La Guardia Revolucionaria de Irán advirtió que no permitirán la exportación de petróleo de la región
El estrecho de Ormuz es un corredor estratégico por donde circula cerca del 20% del petróleo mundial. Su cierre genera alarma en los mercados energéticos y podría disparar los precios del crudo.
Expertos advierten que la medida no solo afecta a Irán y sus vecinos, sino que también pone en riesgo la estabilidad del comercio marítimo internacional. Los precios del petróleo Brent y WTI reaccionaron al alza ante la incertidumbre generada por la advertencia iraní.

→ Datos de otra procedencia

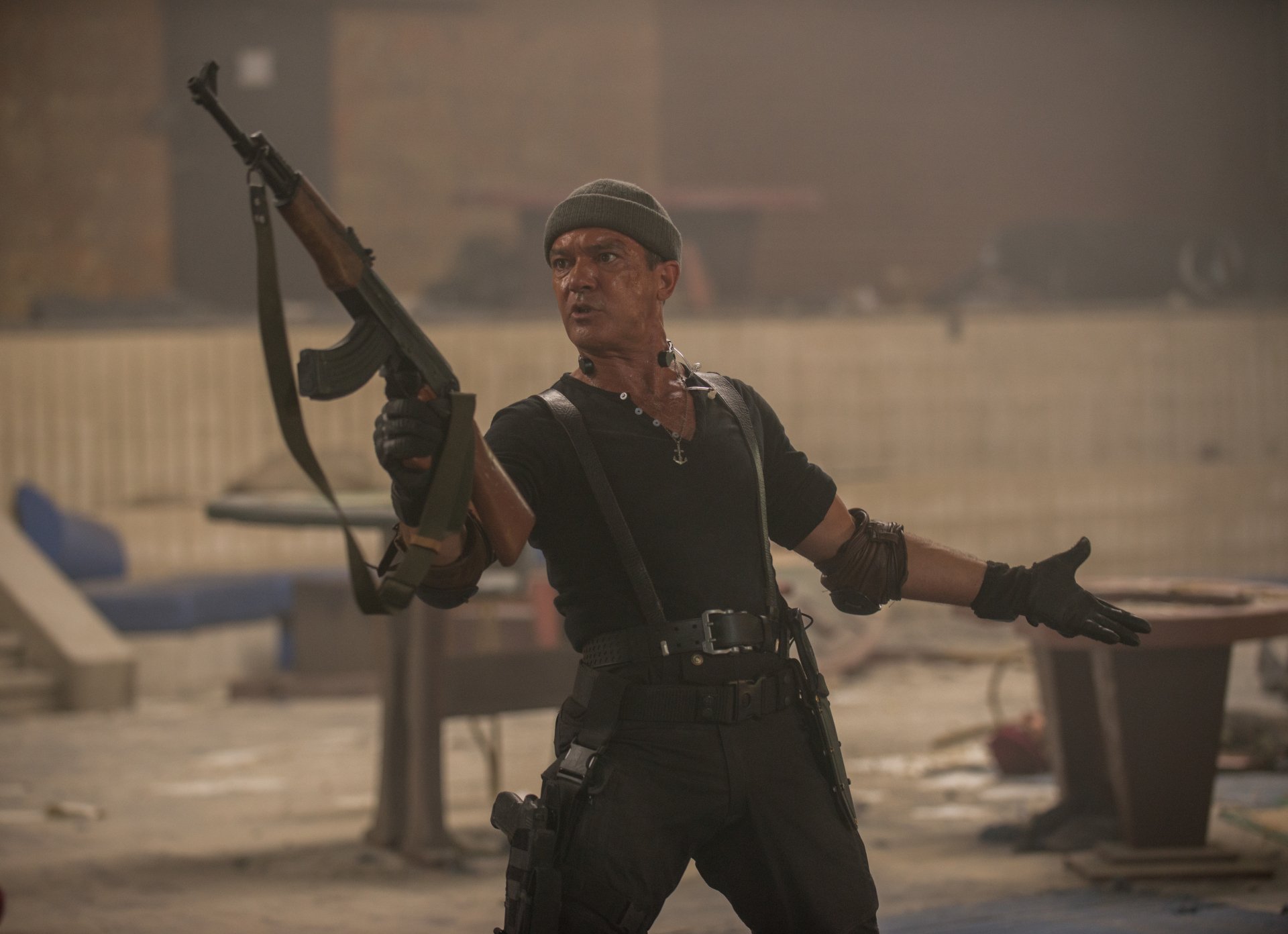 5K Ultra HD wallpaper: armed mercenary in black tactical gear lifts a rifle amid urban rubble, cinematic action vibe from The Expendables 3.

Escalada militar en la región
El anuncio ocurre tras el lanzamiento de misiles balísticos por parte de Teherán contra objetivos israelíes y bases estadounidenses en Oriente Medio. Esta acción fue en respuesta a ataques previos contra su territorio.
Gobiernos occidentales y organismos multilaterales califican el cierre del estrecho como una amenaza directa a la seguridad global. Evaluan medidas de respuesta para garantizar la libre navegación y proteger el suministro energético mundial.
El bloqueo de Ormuz aumenta la tensión internacional y genera preocupación sobre posibles confrontaciones militares mayores. Analistas internacionales consideran que cualquier intento de reabrir el paso podría derivar en enfrentamientos armados.
Irán cierra estrecho de Ormuz mientras la comunidad internacional llama a la calma. La situación mantiene en alerta a los mercados y obliga a los países importadores de petróleo a preparar planes alternativos de transporte y suministro.